The post below I made about a month or 2 ago but never published.
Funny how things change in a short amount of time. I did some things I'm not proud of, somethings out of pity and loneliness only to realize I let myself get caught up in a spiders web of tales. I was just a fly, caught in their web. I'm unstuck, grateful for the help they did give me but ready to go back to being just friends, I guess.
We woman are fickle, we don't know what we want, where we're going, what the ultimate goal is. I feel a sense of excitement at all the new people around me but also a sense of dread. What if it happens again, the lies, jealousy, betrayal? I'm making all these new connections in a world of people trying to connect. Sometimes we make good ones, bad ones... I no longer know if this initial connection was what I was looking for or if it was just me trying to mold it to my will. Them molding me to their will...
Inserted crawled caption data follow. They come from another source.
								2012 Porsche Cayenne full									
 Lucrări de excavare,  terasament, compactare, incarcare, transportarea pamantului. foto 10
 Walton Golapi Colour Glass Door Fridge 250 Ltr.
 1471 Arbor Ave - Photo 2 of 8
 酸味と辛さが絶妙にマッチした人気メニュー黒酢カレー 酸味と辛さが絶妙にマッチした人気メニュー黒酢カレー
In the end it was all nothing but a distraction from reality.
I do know, I'm making another connection, something more related to what I was looking for, to what I need. I need understanding, an escape from my mundane existence but into to a world of thoughts, hopes & dreams, not games and fun. I can buy those things if I need them, what I need can not be bought, nor built, nor sold. It has no shape, no physical representation other than the people that inspire it.
In this short time I have come to understand myself a bit more, in this short amount of time.
We woman are fickle... I'll never be content.
Oh wells, such is the fate of a woman.